(Dataset records)
□ □ □ □ □ □ □

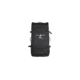 Disc-O-Bed Rolling Bag, 2XL Disc-O-Bed, Black, 50576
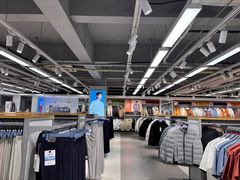 -海澜之家(总部展厅店)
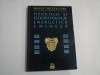 FIZIOLOGIE SI FIZIOPATOLOGIE ENERGETICA CHINEZA - MARIUS THEODOR CABA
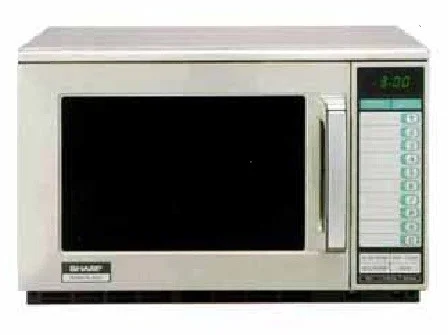 jesrestaurantequipment2112230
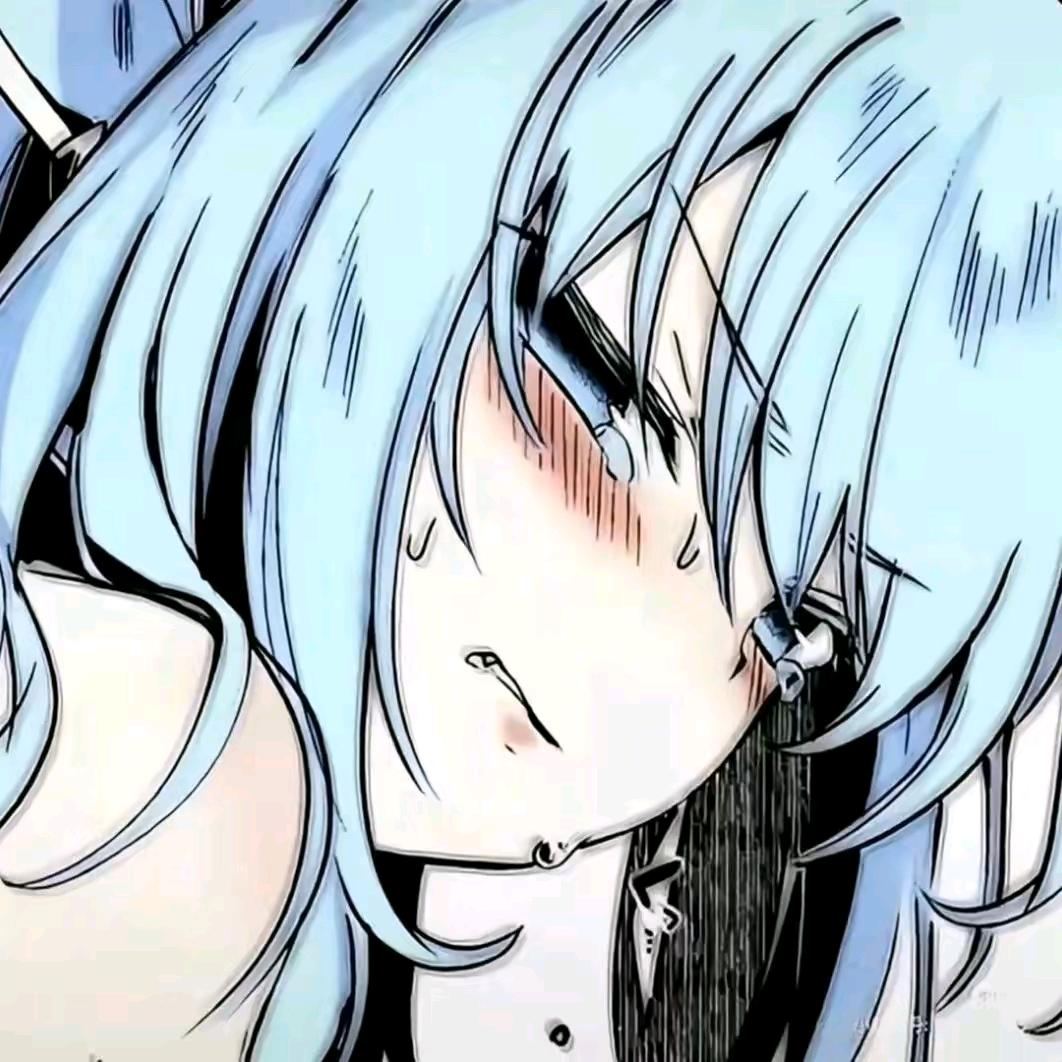奈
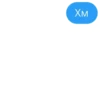 Stickers — 24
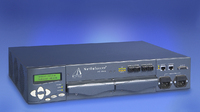 Ab sofort bei entrada: IP-Service- Optimierung von Allot Communications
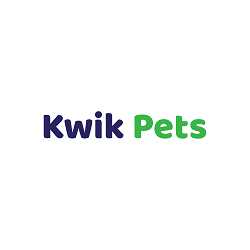 kwik pets Profile Picture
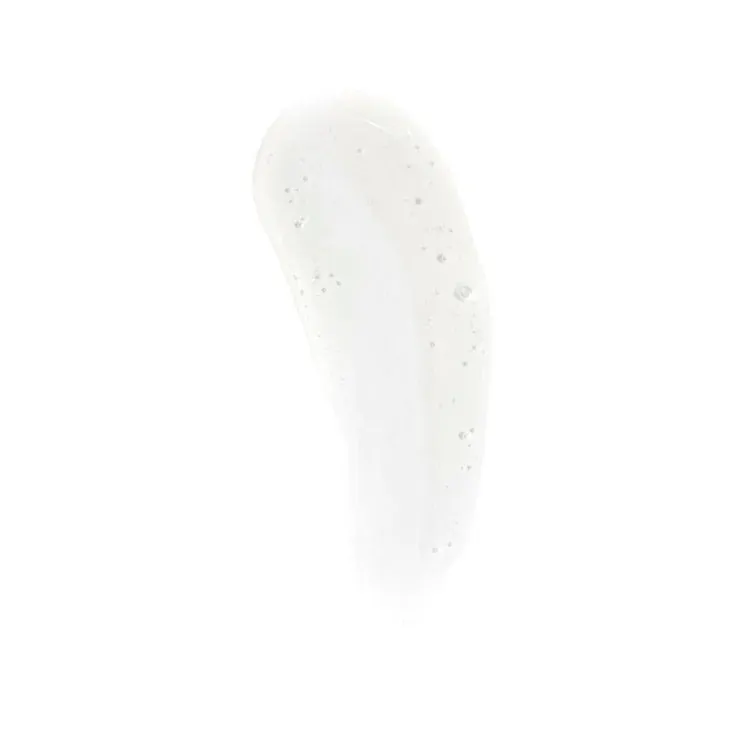 Revision Skincare Hydrating Serum 1 fl oz.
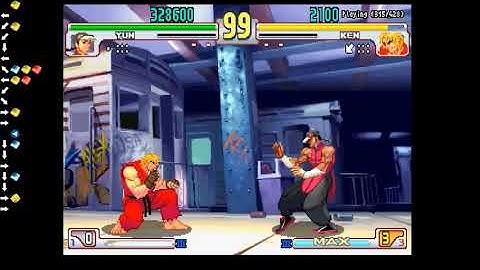 Yun 101: Geneijin Theories, Approaches & Applications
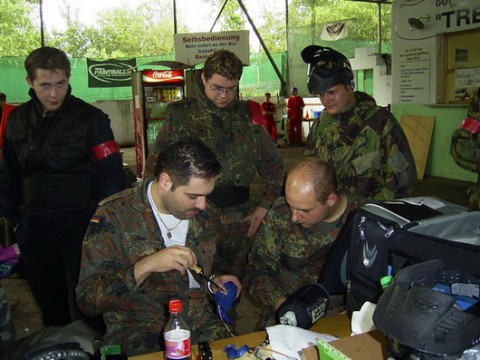 Paintball 2005.07 101
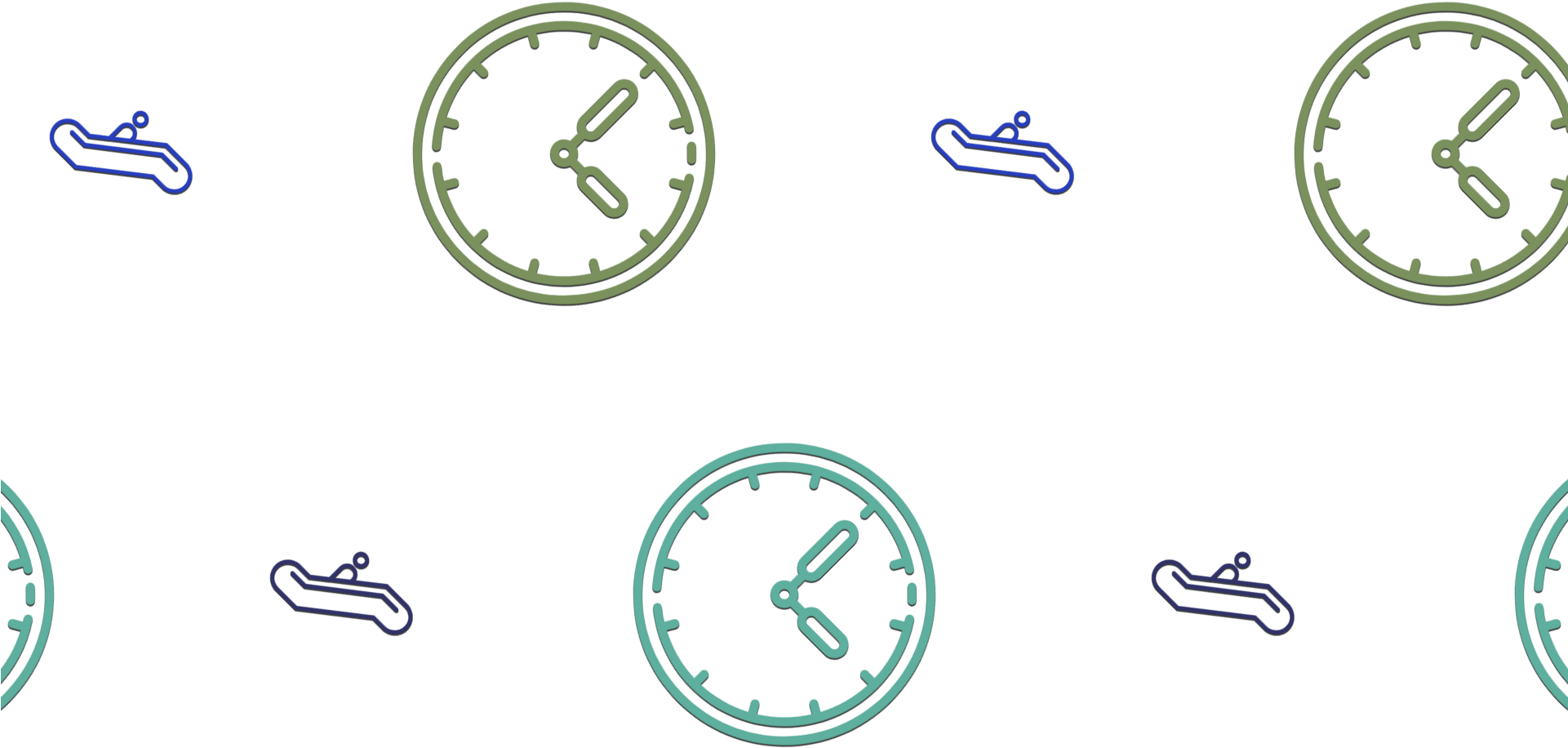 Alexander R › Hd Pattern Design - Circle (1920x1080), Png Download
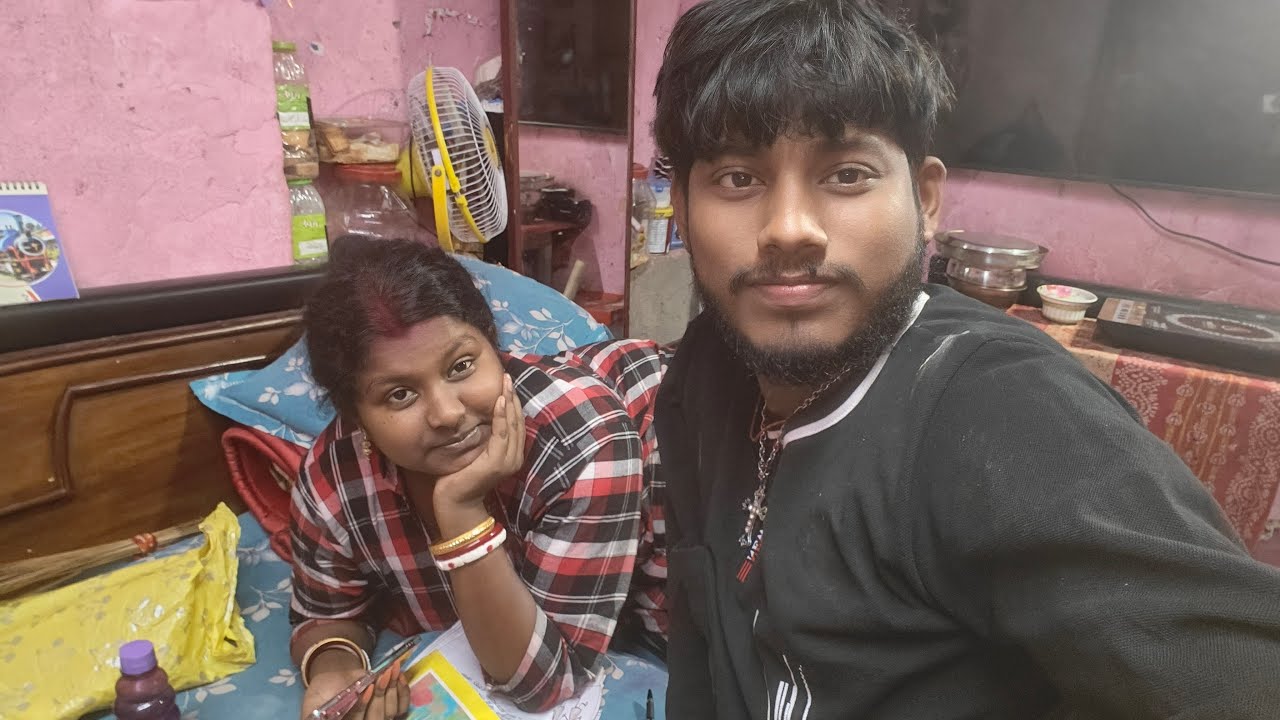 কি করছো সব তাড়াতাড়ি join করো 🩷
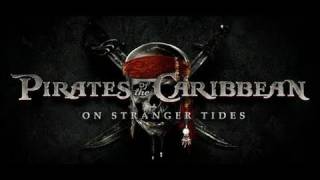 Pirates of the Caribbean Dead Men Tell No Tales Review  Anatomy of a Movie [upl. by Oriel487]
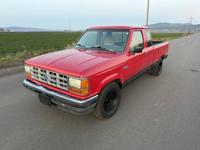 💥💥1991 Ford Ranger 💥💥 Finance Options Available Independence Monmouth Dallas Salem Albany Corvallis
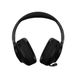 Canyon EGO Serie - Casque de jeu sans fil - 3W1 - Noir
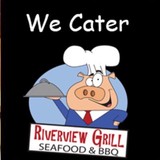 Riverview Grill - Other in Pigeon Forge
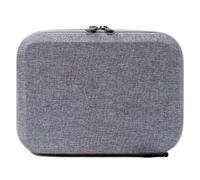 per Dji Neo Storage Box,Custodia per drone Neo,Mini borsa organizer da viaggio per DJI Neo,Borsa protettiva per DJI Neo Drone Aceessories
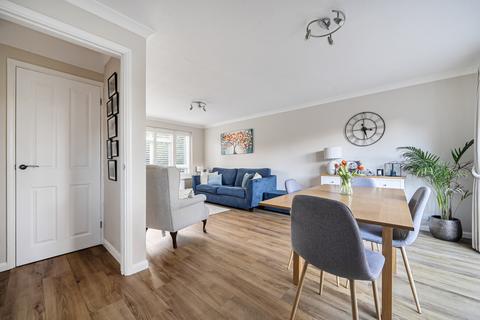 undefined, The Maltings, Liphook, Hampshire, GU30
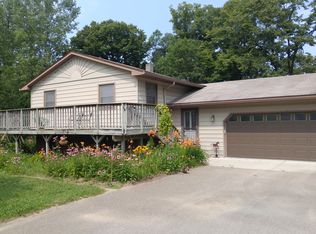 34177 Serendipity Rd, Cannon Falls, MN 55009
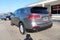 2018 Kia Sorento L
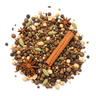 mixed spices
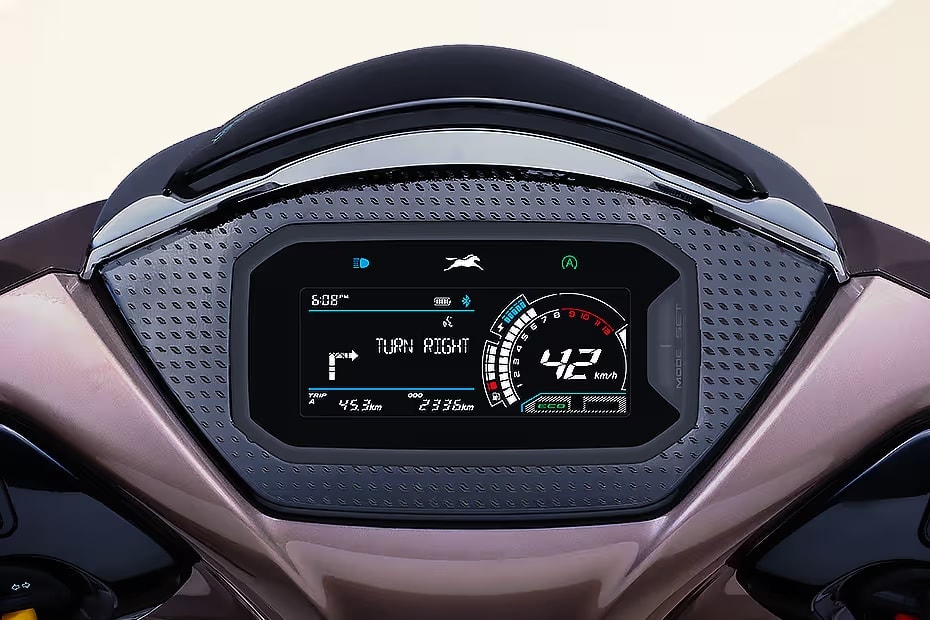 <a style='text-decoration: none;' href='/TVS'>TVS</a> Jupiter 125 3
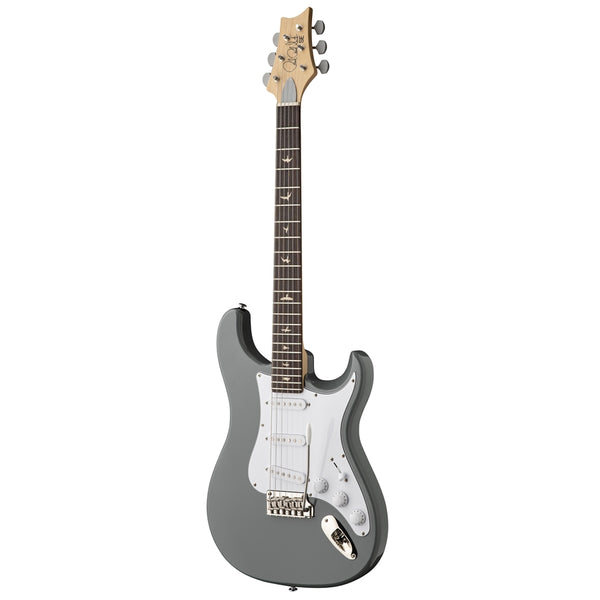 SE Silver Sky Rosewood Storm Gray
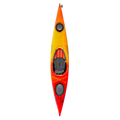 Kayak de randonnée Conduit 13.0 jours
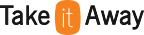 client-3
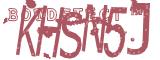 BotCaptcha.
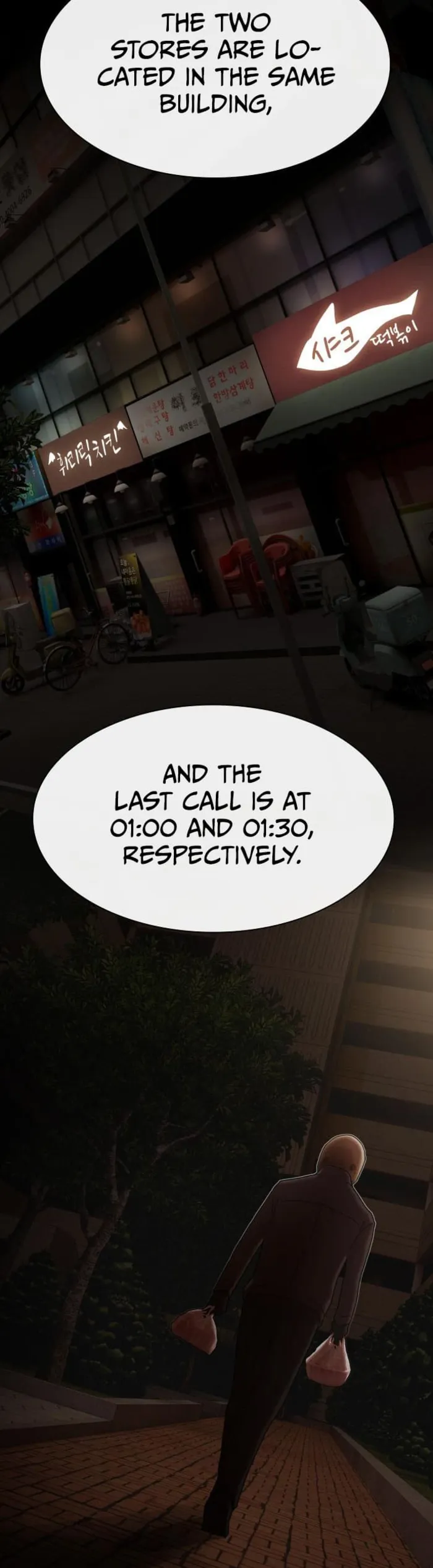 Page 67 of Chapter 32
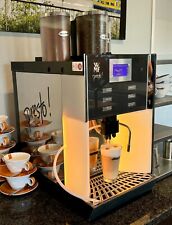 wmf kaffeevollautomat gebraucht kaufen  Köln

□ □ □ □ □ □ □

With the pictures omitted, print the lines above exactly, beginning at the line with "Yun 101: Geneijin" and going on through the line with "BotCaptcha.".

(Your solution)
 Yun 101: Geneijin Theories, Approaches & Applications
 Paintball 2005.07 101
 Alexander R › Hd Pattern Design - Circle (1920x1080), Png Download
 কি করছো সব তাড়াতাড়ি join করো 🩷
 Pirates of the Caribbean Dead Men Tell No Tales Review  Anatomy of a Movie [upl. by Oriel487]
 💥💥1991 Ford Ranger 💥💥 Finance Options Available Independence Monmouth Dallas Salem Albany Corvallis
 Canyon EGO Serie - Casque de jeu sans fil - 3W1 - Noir
 Riverview Grill - Other in Pigeon Forge
 per Dji Neo Storage Box,Custodia per drone Neo,Mini borsa organizer da viaggio per DJI Neo,Borsa protettiva per DJI Neo Drone Aceessories
 undefined, The Maltings, Liphook, Hampshire, GU30
 34177 Serendipity Rd, Cannon Falls, MN 55009
 2018 Kia Sorento L
 mixed spices
 <a style='text-decoration: none;' href='/TVS'>TVS</a> Jupiter 125 3
 SE Silver Sky Rosewood Storm Gray
 Kayak de randonnée Conduit 13.0 jours
 client-3
 BotCaptcha.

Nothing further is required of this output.